## Work item
Reproduce the listing in its entirety. Do not reproduce the pictures.
Start of Data below
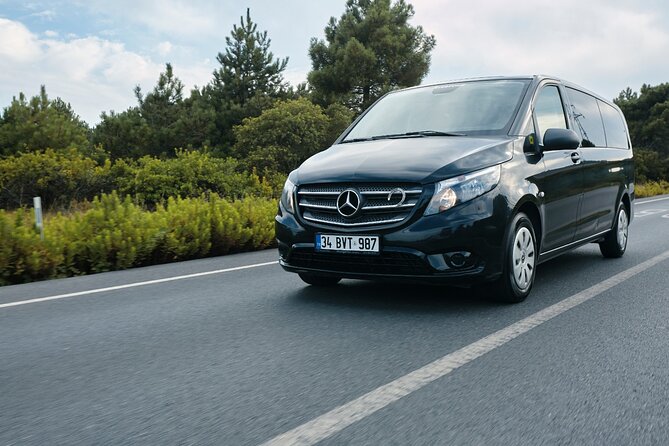 Private One-Way Transfer: Istanbul Airport ↔ City Hotels - A calm start after Istanbul Airport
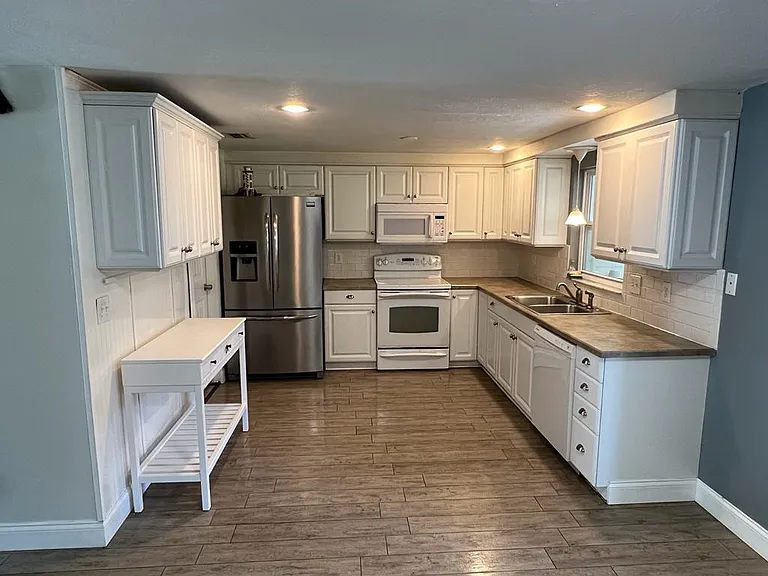 2909 Cedaridge Dr — Photo 4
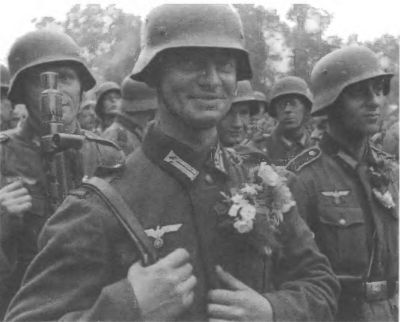 Крах нацистской империи - i_008.jpg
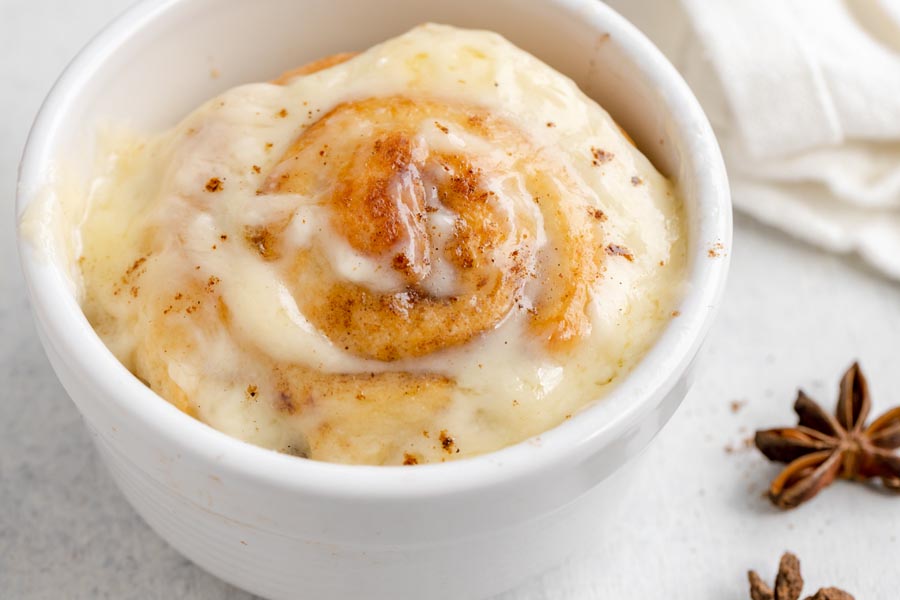 Cinnamon Roll in a Mug - i am baker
End of Data below
## Answer section
 Private One-Way Transfer: Istanbul Airport ↔ City Hotels - A calm start after Istanbul Airport
 2909 Cedaridge Dr — Photo 4
 Крах нацистской империи - i_008.jpg
 Cinnamon Roll in a Mug - i am baker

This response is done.